Los amigos de quienes habla Régulo Pérez integran un conjunto mucho más amplio que los de esta foto, incluso mayor que los presentes en aquel día de playa, ya mencionados. Se refiere a los jóvenes artistas e intelectuales congregados en el Taller Libre de Arte que, tal como explicó Francisco Da Antonio, “cubrió apenas los cuatro años que median entre el viernes 9 de julio de 1948, fecha de su apertura en el 4° piso del edificio Miranda en la esquina de Mercaderes y el 14 de agosto de 1952, cuando asistimos a la apertura de la gran Exposición de las Nuevas Generaciones de Pintores Venezolanos coordinada como una suerte de rendición de cuentas, por los viejos pintores José Fernández Díaz (FEZ) y Rafael Rivero Oramas”.
En un ensayo curatorial sobre el Taller Libre, para la exposición del Museo Jacobo Borges, en 1997, Lía Caraballo puntualizó que “sus miembros, en sentido estricto”, habían sido, entre otros: Mario Abreu, Lourdes Armas, Jacobo Borges, Omar Carreño, Feliciano Carvallo, Pedro León Castro, Carlos Cruz Diez, Francisco Da Antonio, Narciso Debourg, César Enríquez, Perán Erminy, José Fernández Díaz (FEZ), Emma García, Luis Guevara Moreno, Ángel Hurtado, Humberto Jaimes Sánchez, L.F. Martínez, Genaro Moreno, Rubén Núñez, Alirio Oramas, Régulo Pérez, Luis Rawlinson, Rafael Rivero Oramas, Alirio Rodríguez, Federico Sandoval (El policía), Enrique Sardá, Marius Sznajderman, Oswaldo Trejo, Virgilio Trompiz y Oswaldo Vigas.
–El Taller Libre –explica Da Antonio– no fue un “movimiento”, ni tan siquiera un cuerpo de proposiciones estéticas o ideológicas coincidentes.

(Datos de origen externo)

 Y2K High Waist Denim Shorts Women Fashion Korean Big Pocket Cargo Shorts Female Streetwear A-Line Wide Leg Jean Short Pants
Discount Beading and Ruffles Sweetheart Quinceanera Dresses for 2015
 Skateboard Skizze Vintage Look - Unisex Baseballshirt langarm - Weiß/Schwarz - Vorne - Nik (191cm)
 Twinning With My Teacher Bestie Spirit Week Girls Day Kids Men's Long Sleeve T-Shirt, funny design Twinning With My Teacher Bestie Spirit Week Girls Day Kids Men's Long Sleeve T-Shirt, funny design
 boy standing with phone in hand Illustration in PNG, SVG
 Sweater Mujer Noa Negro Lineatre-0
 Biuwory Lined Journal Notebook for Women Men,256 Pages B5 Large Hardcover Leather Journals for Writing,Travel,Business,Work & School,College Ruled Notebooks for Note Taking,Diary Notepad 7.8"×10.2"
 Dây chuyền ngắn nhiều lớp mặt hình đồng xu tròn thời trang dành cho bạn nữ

A diferencia de los maestros del Círculo de Bellas Artes y de la Escuela de Caracas, cuya mirada devino la consolidación positivista del paisaje y también distinto a “Los Disidentes”, que radicalizaron sus proposiciones hasta los términos del Manifiesto, la saga del Taller quedó amarrada a los modestos límites de un ‘‘local’’ trashumante en virtud de la implacable eficiencia constructiva y edilicia de la dictadura. Como por paradoja, quizá tales carencias devinieron su mayor fortaleza histórica: el haber potenciado las fuerzas de transformación y de cambios contenidas en el entorno social y en todos los hombres y mujeres que, en virtud de su talento, de su trabajo y de su obra, convirtieron la plástica venezolana en un valor universal.

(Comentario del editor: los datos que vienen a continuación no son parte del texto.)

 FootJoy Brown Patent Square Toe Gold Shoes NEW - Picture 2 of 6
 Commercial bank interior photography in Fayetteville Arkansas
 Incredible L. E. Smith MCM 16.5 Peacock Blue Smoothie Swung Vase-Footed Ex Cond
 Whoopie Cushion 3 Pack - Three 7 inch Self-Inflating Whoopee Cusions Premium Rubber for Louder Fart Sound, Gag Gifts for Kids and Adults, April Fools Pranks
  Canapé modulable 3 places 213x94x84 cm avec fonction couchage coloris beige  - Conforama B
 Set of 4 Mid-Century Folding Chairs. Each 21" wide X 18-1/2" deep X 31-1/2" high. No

Juan Sánchez Peláez, quien nació en Altagracia de Orituco, el 25 de septiembre de 1922, murió en Caracas, el 20 de noviembre de 2003. En 1976 ganó el Premio Nacional de Literatura en 1976.
Mateo Manaure nacido el 18 de octubre de 1926, en Uracoa, estado Monagas, vive en Caracas. Es considerado uno de los artistas modernos más importantes de la historia del arte venezolano.

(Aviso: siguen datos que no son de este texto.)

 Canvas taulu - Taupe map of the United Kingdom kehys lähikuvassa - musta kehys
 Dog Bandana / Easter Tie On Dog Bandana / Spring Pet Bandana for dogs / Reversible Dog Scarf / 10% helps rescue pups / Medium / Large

Y Régulo Pérez, el hijo de Enrique Pérez Ytriago, comerciante y recolector de sarrapia, actividad de incursión selvática en la que algunas veces involucró a su hijo, está en Caracas con una memoria que Dios se la guarde. Su nombre está amarado a la historia reciente de Venezuela. En 1951, el crítico Rafael Pineda dijo:
“A los jóvenes pintores del Taller Libre los anima reconocer los valores de la realidad plástica, única manera de rescatarla de las distracciones anecdóticas y románticas a que estuvo sometida. Todo lo que los del Taller hacen hoy, estará determinado por su empeño de universalidad, de afianzar un concepto de libertad”.
Eso, esa libertad asida con una garra a su pecho de algodón es, precisamente, lo que este muchacho precioso nos jura con una mano en el corazón.